# What is this bug?



## hexentanz (Sep 18, 2008)

I recently got some plants and when I got them home I placed them in our window for awhile until I could get to washing them off. A few days has passed now and I spotted these shiny tiny little black dots moving on one of the plants.

I have also noticed these in the past on another plant and quickly washed the things off.

They are very small and rounded.

Since I am now seeing them a second time I would like to know what they are.

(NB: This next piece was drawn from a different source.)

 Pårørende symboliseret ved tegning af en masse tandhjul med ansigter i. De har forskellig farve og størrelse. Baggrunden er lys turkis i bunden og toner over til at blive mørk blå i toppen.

I'm fearing bird mites. :/


----------



## Michael Shrom (May 20, 2004)

They are some kind of mite.


----------



## hexentanz (Sep 18, 2008)

Hrmmmmm. It looks very much like this here Natural Enemies Gallery: Spider Mite Destroyer ( UC IPM Photo ). From what I found, this would be a good bug lady beetle stethorus picipes


----------



## johnc (Oct 9, 2009)

I don't think it's your spider mite destroyer. It's just a species of mite. I wouldn't worry about it - it doesn't look like the mites that infest fruit fly cultures, so live and let live.


----------



## hexentanz (Sep 18, 2008)

johnc said:


> I don't think it's your spider mite destroyer. It's just a species of mite. I wouldn't worry about it - it doesn't look like the mites that infest fruit fly cultures, so live and let live.

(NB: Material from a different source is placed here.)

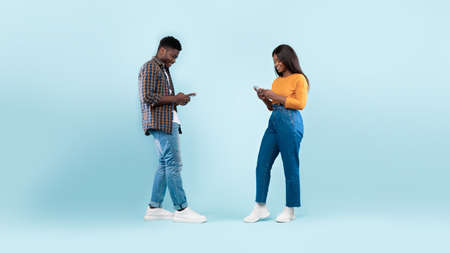 African american couple using cellphones, blue studio wallの写真素材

What worries me is that I have found they are on other plants too. I first saw them with some other plants I had gotten back a few months ago, I was able to kill those off.

Another thing that worries me is I have not come across anything about these mites other than spider mite destroyer and snake mite.


----------



## johnc (Oct 9, 2009)

Sounds like some kind of plant mite then. I've seen mites on plants not too different to this one. More food for frogs.


----------



## BrianC (Jul 18, 2009)

From the photos, I can't give a confident ID even to say if it's an arachnid or an insect.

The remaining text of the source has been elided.